Edição nº 1787 - 5 de abril de 2023

Valter Lemos
A NOVA CENSURA

Nos últimos tempos tem havido notícias de “correção” dos textos de livros de autores consagrados, substituindo palavras e expressões, de forma a alterar uma “linguagem datada e desatualizada por linguagem mais inclusiva”. Isto tem vindo a acontecer em Inglaterra e Estados Unidos, onde algumas editoras e bibliotecas têm vindo a adotar tal política, sendo a mais recente polémica a relativa às alterações aos livros da famosa Enid Blyton, criadora das “aventuras dos Cinco” e dos “Sete”.
A atitude de submeter a julgamento de uns quaisquer burocratas, que nunca escreveram nada de jeito na vida, obras literárias ou artísticas reconhecidas, é tão chocante que se torna até repulsiva.
Desde logo pela intolerável arrogância que revela. Um qualquer grupo entende que só os seus conceitos culturais e morais podem ser aceites. Porque são “superiores” a todos os outros. Qual a diferença entre isto e qualquer religião? Não é assim que se comportaram ao longo da história quase todas as religiões?
Segundo as notícias, as bibliotecas do condado de Devon, resolveram esconder os livros com a linguagem original e só permitir o acesso às versões adulteradas ou, no caso de interesse de consulta das originais, os leitores terão de ser “advertidos” previamente!
Estamos, pois, perante um comportamento que vai além da simples censura, o que já seria grave.

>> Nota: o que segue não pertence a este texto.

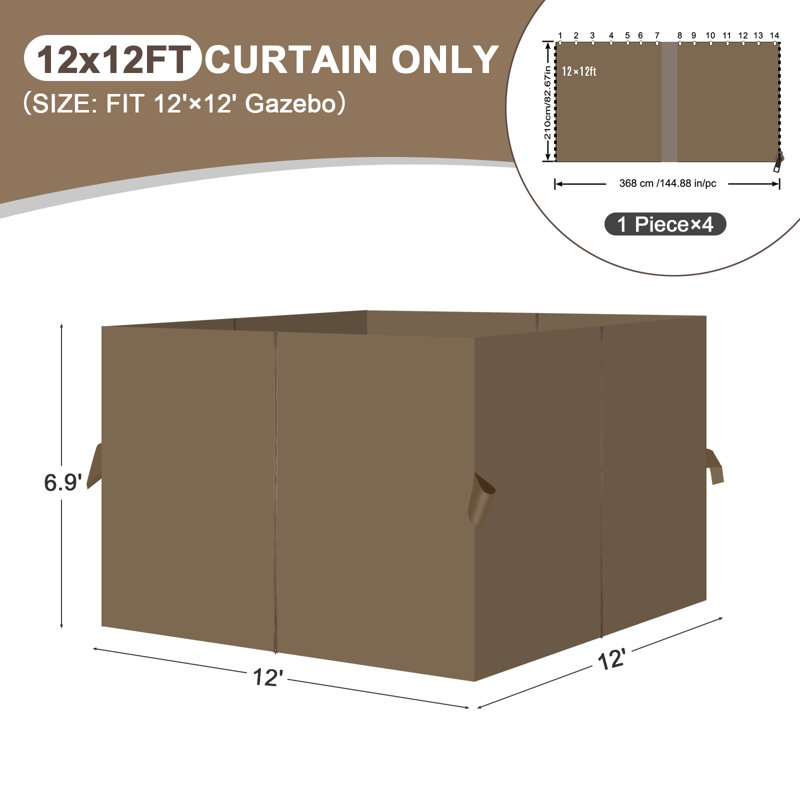 Aoodor Replacement 4-Panel Gazebo Sidewall Curtains, Light Coffee, 82.7" H x 144" W x 144" D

Pretende-se “reeducar” os leitores com a “única verdade” aceite. Qual é o passo seguinte? Fazer listas dos “leitores perigosos” que insistem em ler as versões originais? Queimar essas versões originais?
Vão seguir-se outros escritores? Vão “corrigir” obras de Shakespeare? Dickens? Allan Poe? Em Portugal “corrigiremos” Camões? Bocage? Camilo?
E será extensivo a outras artes? Passaremos a esconder e queimar pinturas? Ou a “corrigi-las”?
Há pouco tempo foi noticiada a demissão de uma diretora de escola nos Estados Unidos devido a ter mostrado na aula uma imagem da estátua de David de Miguel Ângelo, tendo os pais protestado porque considerarem ofensiva a nudez da mesma. Tal atitude, muito obscurantista, gerou uma generalizada critica à atitude dos pais e da escola. Mas afinal a atitude das bibliotecas e editoras inglesas não será ainda bem pior do que a destes pais?
Este comportamento censório, vindo de autoridades públicas em regimes democráticos, deve ser fortemente condenado e repudiado. A censura já é, por si mesma, um ato obscurantista contrário à liberdade e à condição humana, mas associada a uma política do pensamento único, torna-se extraordinariamente perigosa para a democracia, a liberdade e a própria condição humana.
A religião é a revelação do mundo por Deus. A arte e a ciência são a construção do mundo pelo homem. Liberdade de pensamento e de criação é a condição mais essencial a essa construção.